◆ Exercise objective ◆
Keep to one stretch of the data below, the lines from the one with "Single mangrove tree" up to and including the one with "Chasehot Pull-On Skinny", and return that stretch exactly.

◆ Source material ◆
------------------------
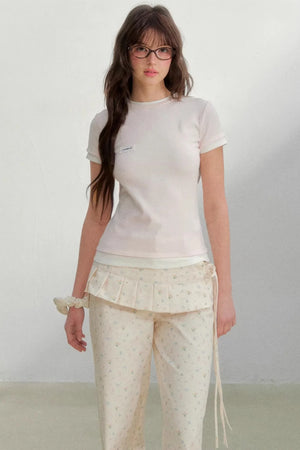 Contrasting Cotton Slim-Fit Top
------------------------
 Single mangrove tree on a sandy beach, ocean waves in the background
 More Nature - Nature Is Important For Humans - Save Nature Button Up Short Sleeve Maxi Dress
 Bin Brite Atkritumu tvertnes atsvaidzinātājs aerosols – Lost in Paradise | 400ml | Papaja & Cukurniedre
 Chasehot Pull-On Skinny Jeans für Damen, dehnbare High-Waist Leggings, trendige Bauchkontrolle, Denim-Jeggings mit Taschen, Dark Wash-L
------------------------
◆ Result of this task ◆
 Single mangrove tree on a sandy beach, ocean waves in the background
 More Nature - Nature Is Important For Humans - Save Nature Button Up Short Sleeve Maxi Dress
 Bin Brite Atkritumu tvertnes atsvaidzinātājs aerosols – Lost in Paradise | 400ml | Papaja & Cukurniedre
 Chasehot Pull-On Skinny Jeans für Damen, dehnbare High-Waist Leggings, trendige Bauchkontrolle, Denim-Jeggings mit Taschen, Dark Wash-L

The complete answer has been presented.